STEPHEN Ladyman will be the next chair of the National Autistic Society. He will take on this vital non-paid role in November when Carol Homden steps down after nearly 10 years as the charity’s chair.
Stephen first started advocating for autistic people and families in 1998 as an MP and he set up the All-Party Parliamentary Group for Autism alongside the National Autistic Society in 2000. He’s also been a minister and held various chair roles since, including within the NHS.
As Chair, Stephen will lead the National Autistic Society’s Board of Trustees. They provide oversight of the National Autistic Society, making sure the charity meets its objectives and complies with charity law and regulations. The charity has 16 trustees, primarily made up of people who are either parents of autistic people or who are autistic themselves. They have a wide array of experience and skills, reflecting the range of work the charity does.
Stephen will also be an ambassador for the National Autistic Society, working alongside autistic people and their families. He will engage government ministers, corporate partners and other people and organisations to help bring about the changes autistic people and families need.
The coming years will be incredibly important for autistic people and families across the whole of the UK. There’s a new five-year autism strategy in England and a seven-year strategy is being developed for Northern Ireland. A commissioner for autistic people and people with a learning disability is expected in Scotland and the Code of Practice is being implemented in Wales.
The charity’s Board of Trustees took the lead on recruiting the new Chair. They worked with an external specialist recruitment agency and members of the charity’s Autistic Colleagues Network. The process was also supported by an advisory panel made up of autistic people with strong links to the charity, for instance with branches and campaigning.
Stephen Ladyman, the incoming Chair of the National Autistic Society, said:
“I’m delighted to be joining the National Autistic Society, particularly ahead of the charity’s 60th anniversary next year. I’m looking forward to meeting colleagues, members and supporters as I start to visit the charity’s services and at the AGM in November.
“When I was an MP, I was shocked at the huge battles parents of autistic children faced, just to get a little support. This was in the late 1990s when there was very little awareness of autism or representation in Parliament to advocate for autistic children, adults and their families. This inspired me to set up and chair the All-Party Parliamentary Group for Autism, alongside the National Autistic Society.

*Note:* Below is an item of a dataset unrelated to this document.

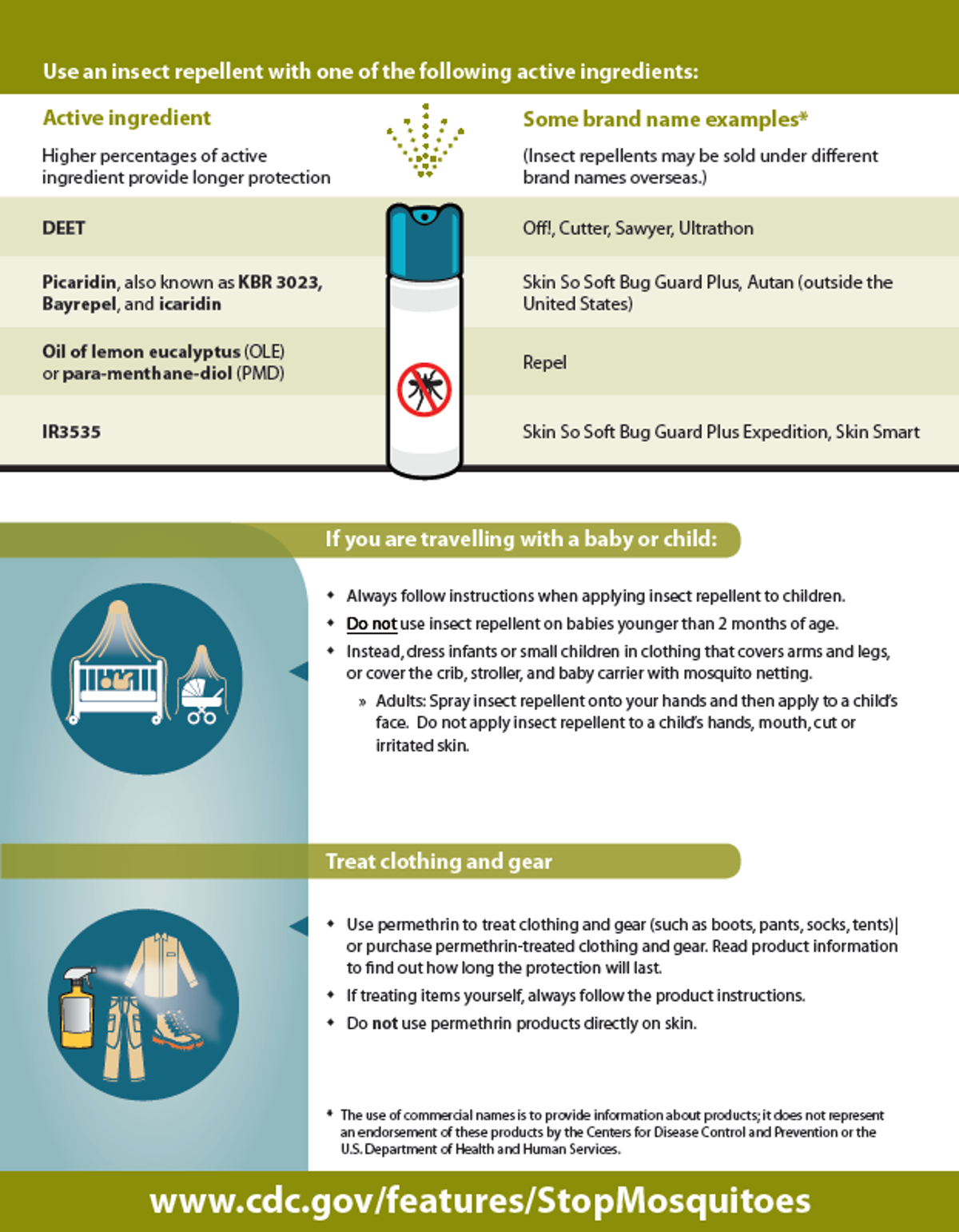 IMCA SF Malaria fatality 2 Mosquito bite prevention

“Things have improved since the 90s but support and services for autistic children and adults are still nowhere near where they should be. I am convinced that if everyone understood autism and what it’s like to be autistic, the world would be a much better place. I will do all I can to make this a reality.”
Carol Homden, the current Chair of the National Autistic Society, said:
“The Chair is a vital role within every charity. Stephen has the right skills, experience and, crucially, passion to guide the National Autistic Society into the future.

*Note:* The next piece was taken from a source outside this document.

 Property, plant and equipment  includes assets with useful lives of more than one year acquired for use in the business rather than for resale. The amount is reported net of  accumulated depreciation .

“It’s been an honour to be the Chair of the Board of Trustees for the past 10 years, particularly as my autistic son Freddy is supported by the charity. There have of course been some significant challenges but also lots of successes too. In particular, our Too Much Information campaign to improve public understanding of autism, growing our branch network and specialist casework services, opening three free schools and developing new services for young autistic adults with high support needs.
“I look forward to working with Stephen over the coming months, ahead of his formal appointment at our AGM in November.”
Caroline Stevens, Chief Executive of the National Autistic Society, said:
“Stephen’s appointment is fantastic news for our charity and our supporters. He is exceptionally well qualified. And I know he will do a sterling job providing crucial oversight of our work and as an ambassador for our charity.
“Thank you to the Board of Trustees for leading this extensive recruitment process. And thank you Carol for your excellent stewardship of our charity over the past 10 years, particularly supporting me in my first couple of years as Chief Executive.
“I am looking forward to working closely with Stephen in the coming years, starting with marking our charity’s 60th anniversary in 2022.”